The Millenary 4101 with its off-centered movement architecture is a specialist collector piece; secondary prices are lower than comparably priced Royal Oaks, making it one of the better value plays in the AP catalog for buyers who prioritize movement quality.
The Millenary 4101 is AP's most structurally unconventional watch: a 47mm rose gold oval housing a flying tourbillon at 9 o'clock and a fully skeletonized movement that reads as kinetic sculpture rather than dial. Collectors come to it because they want AP's horological credibility without the Royal Oak's ubiquity, and they leave with something genuinely rare in the current market.
AP introduced the current Millenary 4101 reference (15350OR.OO.D093CR.01) in 2011 as a rose gold only proposition, pairing the in-house Calibre 4101 manual-wind flying tourbillon with the oval case that has defined the Millenary line since the 1990s. The 4101 caliber beats at 21,600 vph and delivers a 72-hour power reserve, with the tourbillon cage positioned off-axis at 9 rather than the conventional 6, which reinforces the deliberately asymmetric composition. AP offered limited color and strap variations over the run but never rehoused the 4101 in white gold or platinum, keeping rose gold the only metal option for this configuration.
The reference was discontinued around 2022 when AP rationalized the Millenary line, which is starting to register in secondary-market pricing as supply tightens.
The skeleton bridges and tourbillon cage are fragile relative to a standard movement and do not tolerate amateur servicing or shock; always request service records and verify the work was done by AP or a certified independant with flying tourbillon experience. The crown at 9 o'clock shares the case band with the tourbillon side, so worn or damaged crowns can indicate the watch was used hard or stored carelessly against hard surfaces. Strap condition matters more than it might on a bracelet watch: the crocodile strap on this reference is curved and fitted to the oval lugs, and AP aftermarket straps are expensive.
Inspect the sapphire caseback carefully for scratches, since the movement display is a core part of the value proposition and a hazy caseback signals past neglect. Finally, confirm originality of the crown and crown tube, which are sometimes swapped during unauthorized work.
Pre-owned 15350OR.OO.D093CR.01 references trade in the $80,000 to $110,000 range depending on condition, papers, and box completeness, which represents a discount to the last retail price of around $130,000 and modest appreciation from original retail for early examples in strong condition.
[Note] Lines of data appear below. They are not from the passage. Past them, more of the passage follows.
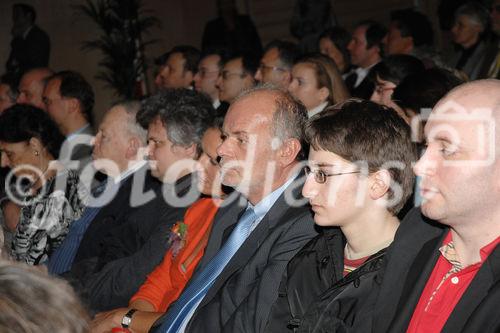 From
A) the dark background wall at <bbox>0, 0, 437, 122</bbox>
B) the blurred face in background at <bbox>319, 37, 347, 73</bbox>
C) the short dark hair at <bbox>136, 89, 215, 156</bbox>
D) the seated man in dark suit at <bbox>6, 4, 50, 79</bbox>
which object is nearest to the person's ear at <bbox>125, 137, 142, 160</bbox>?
the short dark hair at <bbox>136, 89, 215, 156</bbox>

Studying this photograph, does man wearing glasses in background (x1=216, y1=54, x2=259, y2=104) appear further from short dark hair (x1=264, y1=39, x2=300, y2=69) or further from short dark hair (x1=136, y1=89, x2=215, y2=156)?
short dark hair (x1=136, y1=89, x2=215, y2=156)

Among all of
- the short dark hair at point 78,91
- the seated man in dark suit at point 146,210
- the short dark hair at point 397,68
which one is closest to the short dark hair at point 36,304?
the seated man in dark suit at point 146,210

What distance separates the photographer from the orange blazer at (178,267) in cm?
334

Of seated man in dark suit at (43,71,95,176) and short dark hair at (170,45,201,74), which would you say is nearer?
seated man in dark suit at (43,71,95,176)

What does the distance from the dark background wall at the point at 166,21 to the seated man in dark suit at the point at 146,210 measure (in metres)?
5.73

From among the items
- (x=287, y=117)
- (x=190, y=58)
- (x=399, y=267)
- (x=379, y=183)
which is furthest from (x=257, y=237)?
(x=190, y=58)

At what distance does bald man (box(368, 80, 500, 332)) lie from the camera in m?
1.90

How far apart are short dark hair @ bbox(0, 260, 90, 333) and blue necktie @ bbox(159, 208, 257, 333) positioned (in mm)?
1613

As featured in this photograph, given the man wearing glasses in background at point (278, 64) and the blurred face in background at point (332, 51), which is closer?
the man wearing glasses in background at point (278, 64)

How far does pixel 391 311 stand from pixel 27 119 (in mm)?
2931

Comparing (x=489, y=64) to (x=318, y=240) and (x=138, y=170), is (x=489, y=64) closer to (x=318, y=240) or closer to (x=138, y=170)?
(x=138, y=170)

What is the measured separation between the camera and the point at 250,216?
300 centimetres

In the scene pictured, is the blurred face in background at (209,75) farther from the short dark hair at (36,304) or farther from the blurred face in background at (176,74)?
the short dark hair at (36,304)

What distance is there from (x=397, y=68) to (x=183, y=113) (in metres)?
1.20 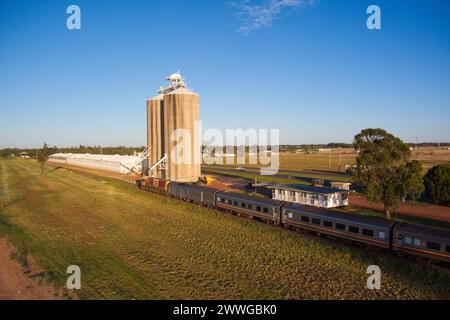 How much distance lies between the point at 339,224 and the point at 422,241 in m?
6.57

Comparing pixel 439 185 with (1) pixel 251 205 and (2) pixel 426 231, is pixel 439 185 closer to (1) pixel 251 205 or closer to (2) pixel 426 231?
(2) pixel 426 231

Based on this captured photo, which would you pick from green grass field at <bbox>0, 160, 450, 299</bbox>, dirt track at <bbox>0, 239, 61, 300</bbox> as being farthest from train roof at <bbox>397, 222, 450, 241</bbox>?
dirt track at <bbox>0, 239, 61, 300</bbox>

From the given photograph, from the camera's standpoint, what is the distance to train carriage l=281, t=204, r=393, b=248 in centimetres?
2459

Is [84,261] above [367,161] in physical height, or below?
below

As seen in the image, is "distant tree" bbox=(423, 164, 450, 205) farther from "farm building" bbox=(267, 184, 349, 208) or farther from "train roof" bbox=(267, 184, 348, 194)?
"train roof" bbox=(267, 184, 348, 194)

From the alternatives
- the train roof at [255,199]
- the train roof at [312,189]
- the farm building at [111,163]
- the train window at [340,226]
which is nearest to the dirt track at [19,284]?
the train window at [340,226]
The discontinued status is beginning to push prices upward for unworn and full-set pieces, particularly since AP has nothing in the current lineup that directly replaces the oval flying tourbillon configuration. Expect to pay a 15 to 20 percent premium for an unworn example with full box and papers over a lightly worn equivalent; the gap is wider here than on other AP references because collectors buying this piece tend to care about presentation.
The Calibre 4101 flying tourbillon requires service every 5 to 7 years; AP prices full movement service for this caliber in the $4,000 to $6,000 range depending on parts required and the service center's location. Flying tourbillon regulation is specialized work and should not go to any independent not specifically experienced with AP tourbillon movements. Budget for strap replacement at service since the fitted crocodile straps run $500 to $800 from AP.
Community + OSINT signals haven’t landed for this reference yet. We don’t publish a rating against zero signal — the number would mean nothing. Editorial body + caliber + market value still surface above; ratings appear once the signal corpus does.
The oval case must maintain sharp edges; any AP Millenary with soft oval edges has been polished and loses significant collector value.
| Area | What to check | What is correct | Red flag |
|---|---|---|---|
| case | Oval case edge sharpness | Sharp oval case edges with correct AP finishing; alternating brushed and polished surfaces | Soft or rounded oval edges; case has been polished, reducing sharpness and value |
| dial | Off-center chapter ring and Cal. 4101 layout | Off-center chapter ring at correct position exposing Cal. 4101 movement architecture at 3 o'clock | Centered chapter ring or obscured movement architecture; non-genuine dial or different reference |
| movement | Cal. 4101 off-center layout | Cal. 4101 off-center movement architecture visible through the dial aperture | Different movement layout visible through dial; non-genuine movement |
Editorial estimate. Actual prices vary by condition, date, and box/papers status. Live pricing data is in development.